- [EXERCISE REQUIREMENTS] Where the data below begins, start retyping exactly, and end on the line with "Купить Citizen j210-t023100 Б/У", which is included; no picture goes in.

(MATERIALS PROVIDED begins)

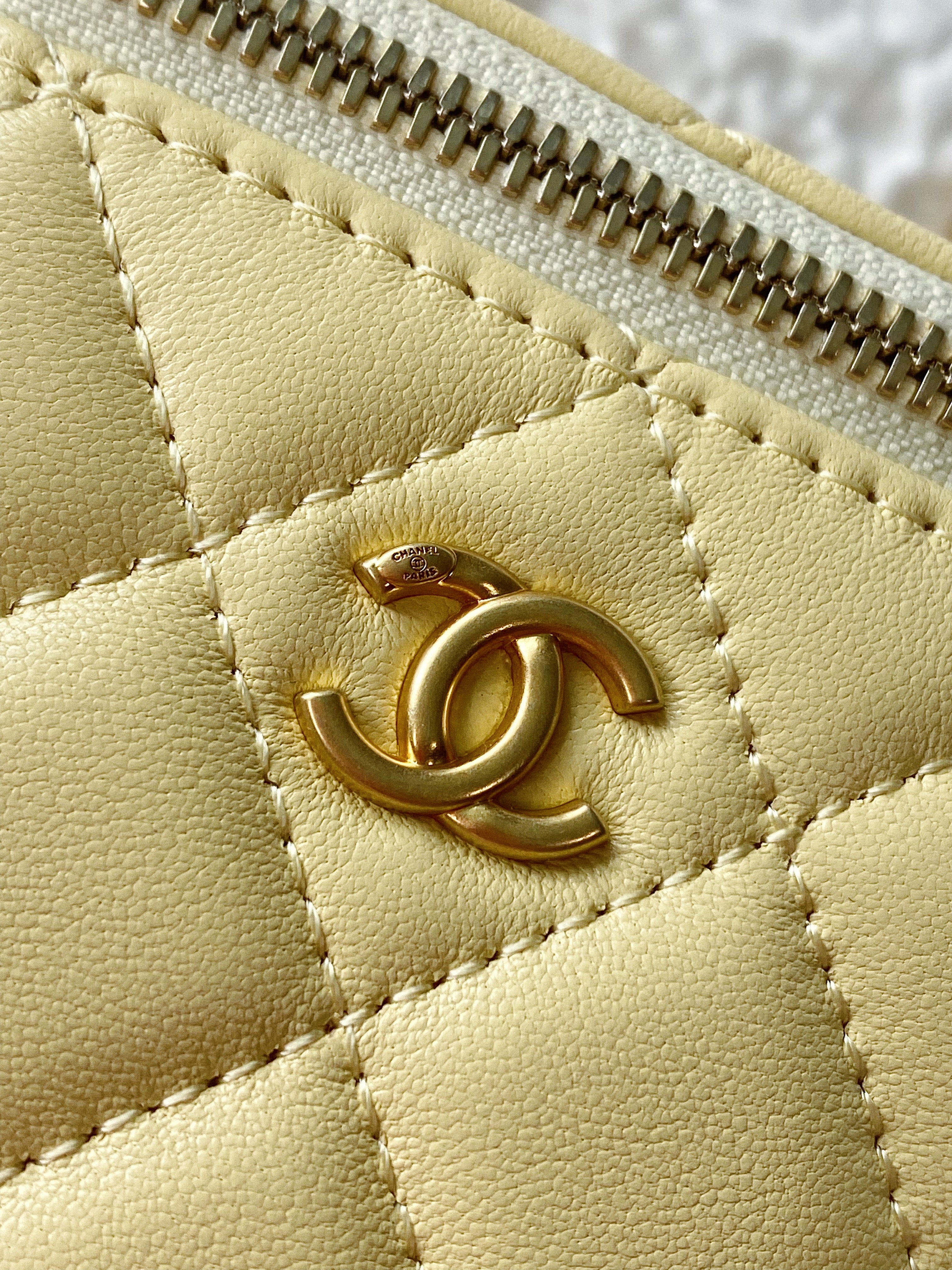 TOP CHANEL Vanity Case Perfect Fit Mini Adjustable Chain - Yellow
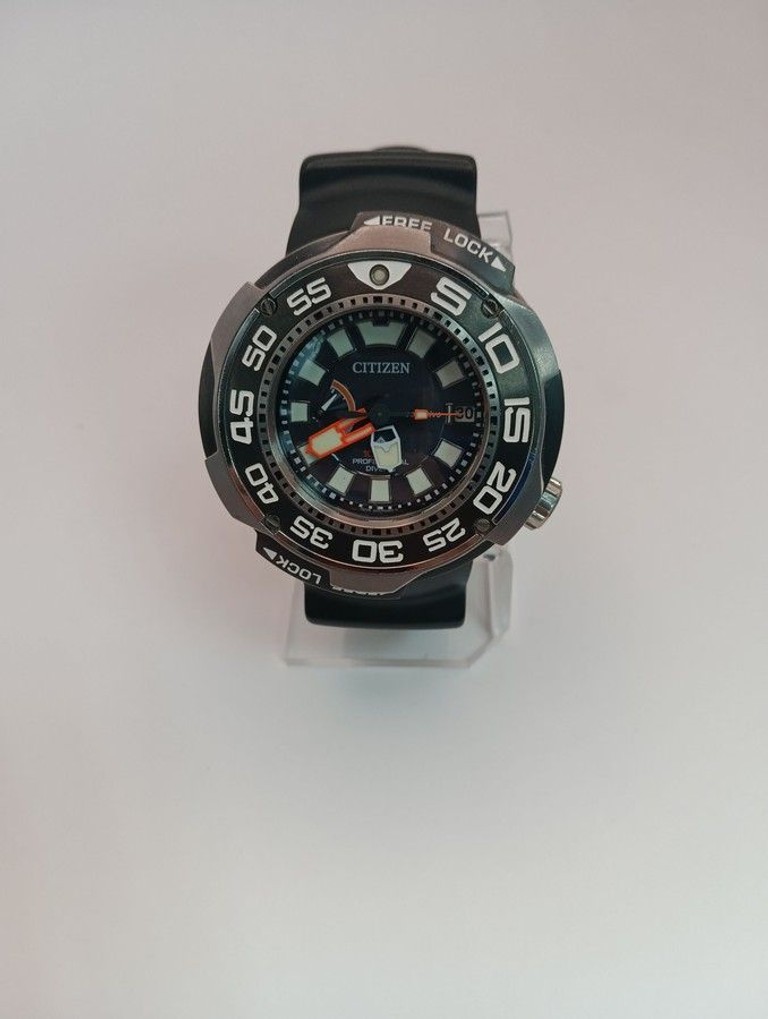 Купить Citizen j210-t023100 Б/У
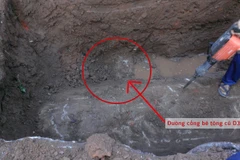 Đường cống bê tông cũ D300 kết nối cống D800 trên phố Đặng Dung có hướng chảy qua nhà số 5 Đặng Dung liệu có phải là nút thắt giải quyết vấn đề? (Ảnh: Võ Phương/Vietnam+)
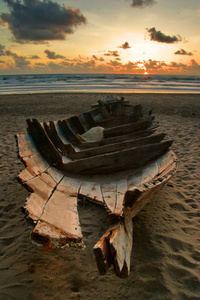 海滩上的旧船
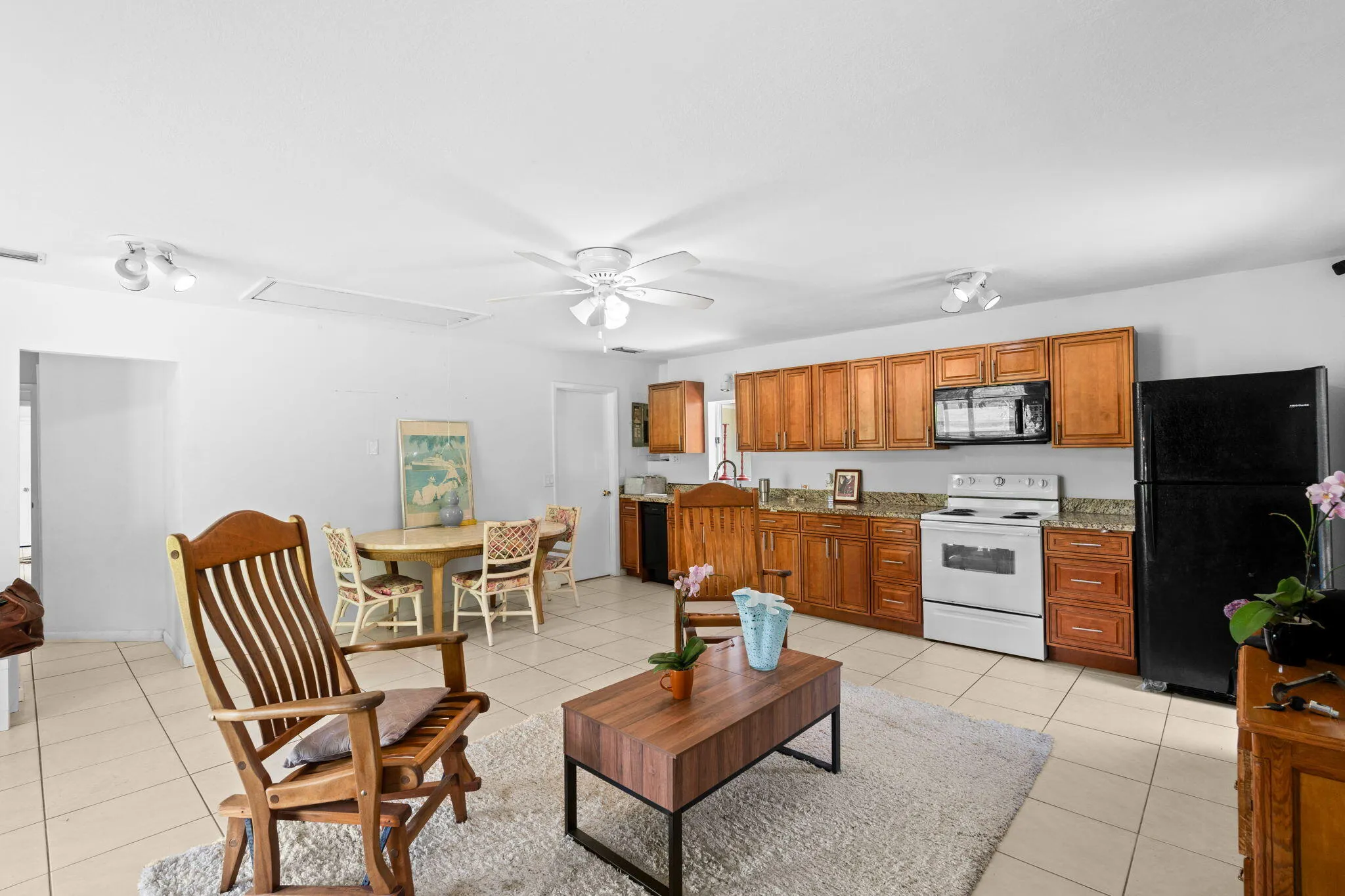 5-web-or-mls-A7406473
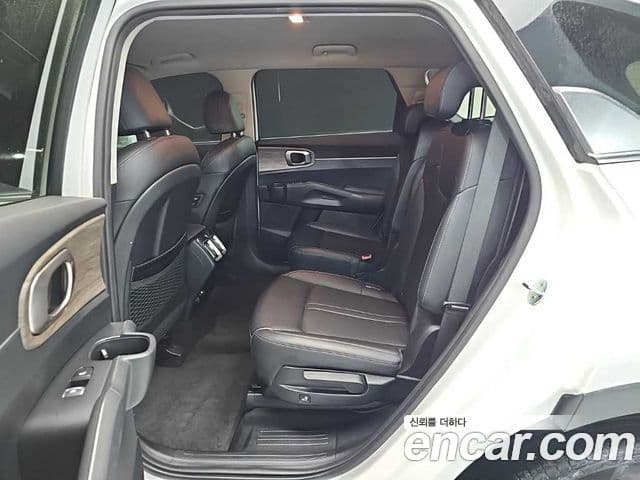 Kia Sorento 2021 — фото 12 из 19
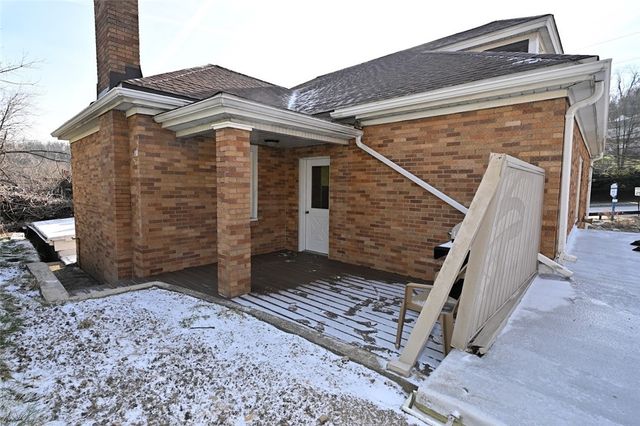 1102 Wilhelm Avenue, South Park, PA 15236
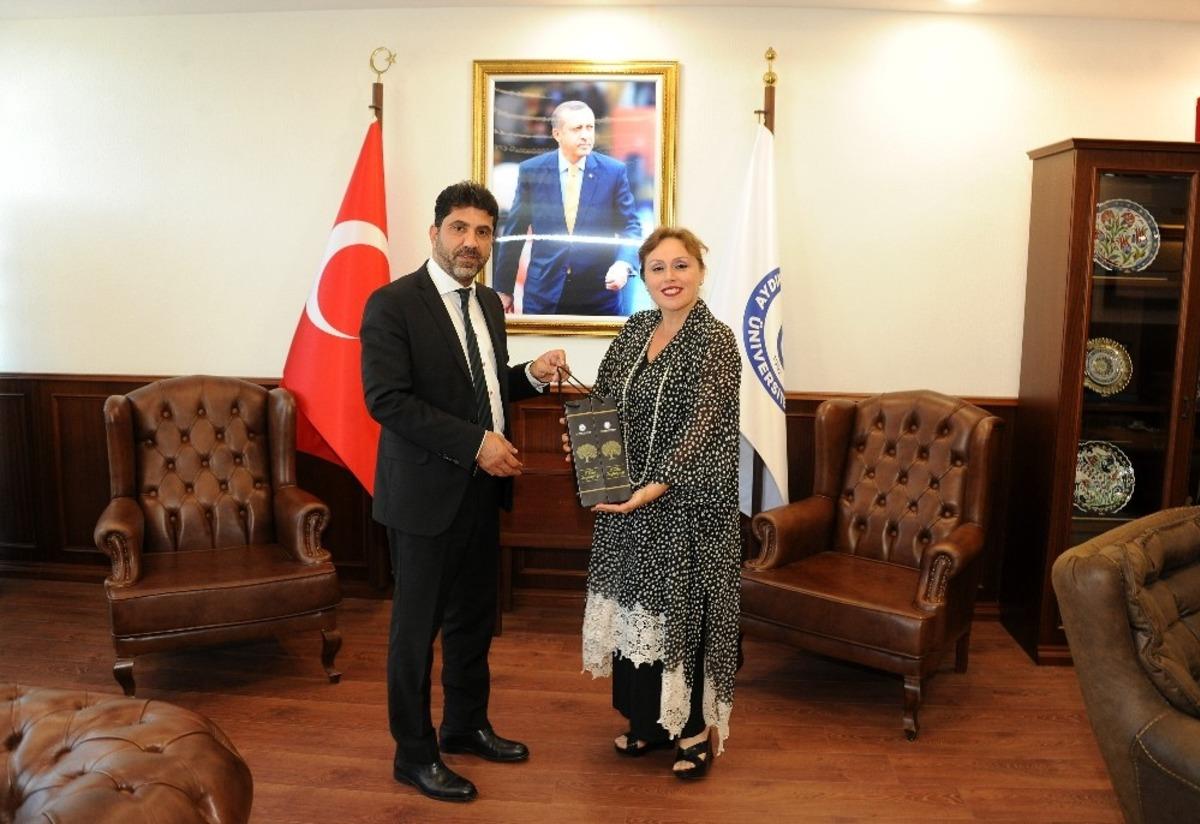 Pınar Altınok, AD&Uuml;&rsquo;y&uuml; ziyaret etti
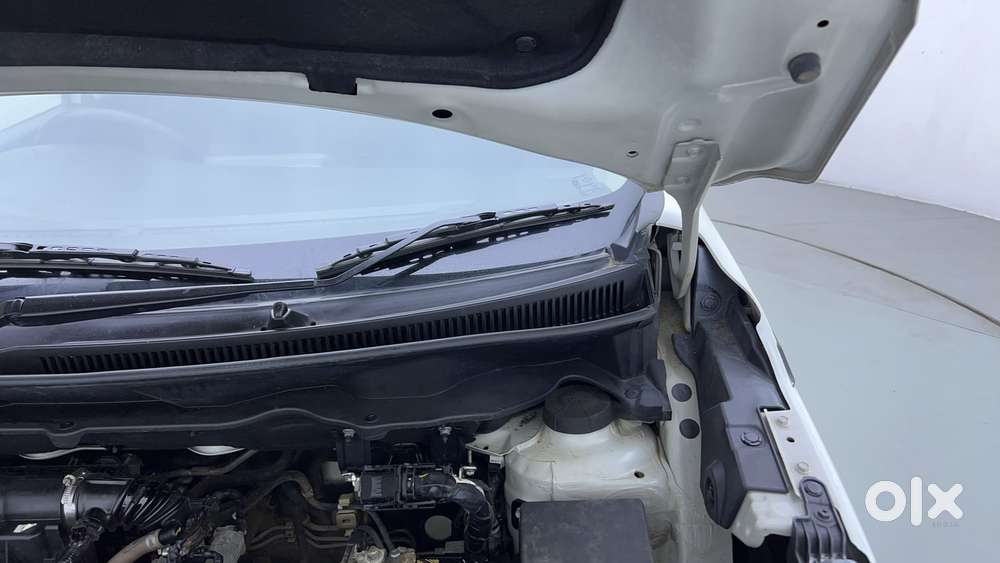 Maruti Suzuki Xl6 1.5 Alpha At, 2022, Petrol
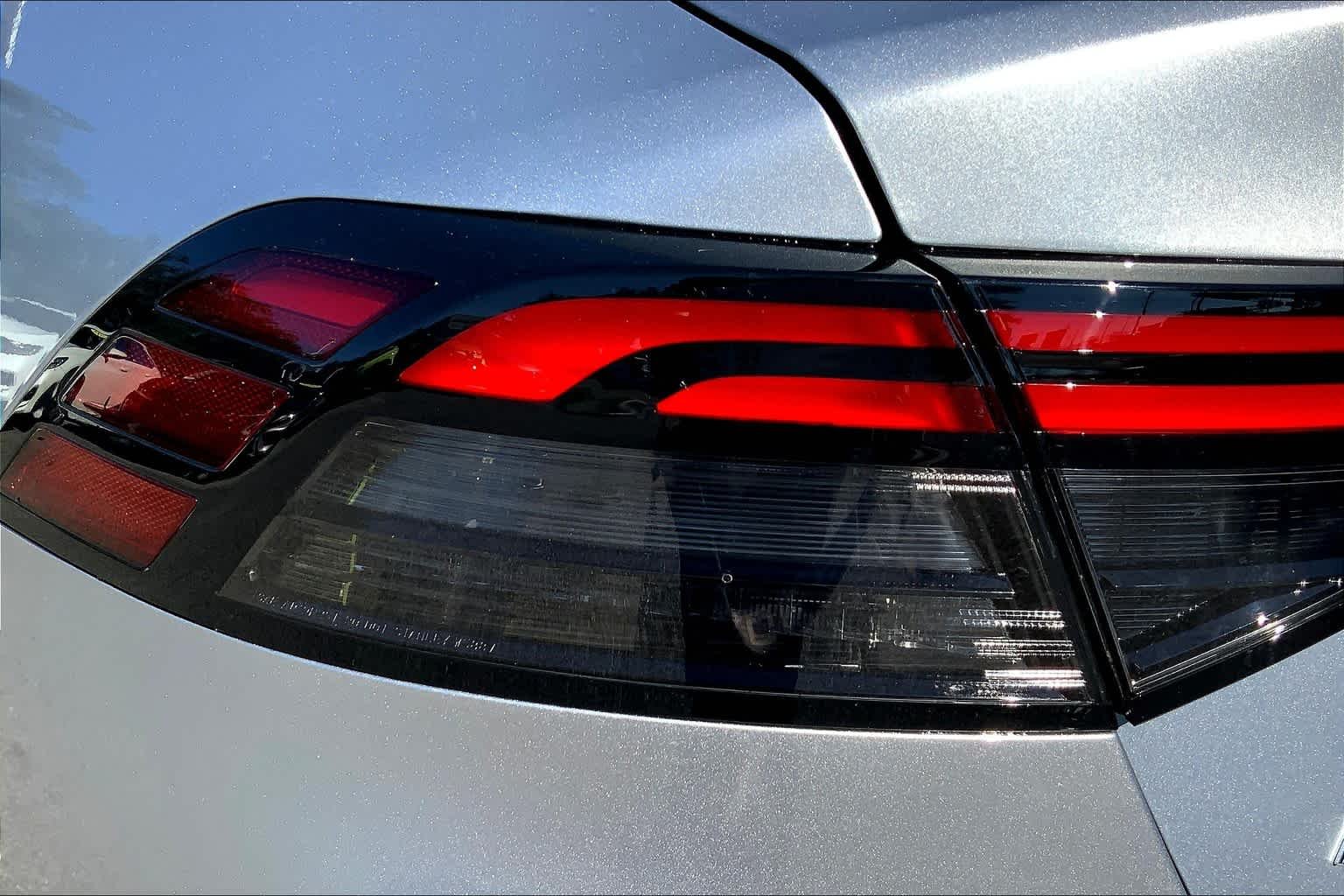 Used 2025 Solar Silver Metallic Honda SE image 14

(MATERIALS PROVIDED ends)

- [RESPONSE TO THE EXERCISE]
 TOP CHANEL Vanity Case Perfect Fit Mini Adjustable Chain - Yellow
 Купить Citizen j210-t023100 Б/У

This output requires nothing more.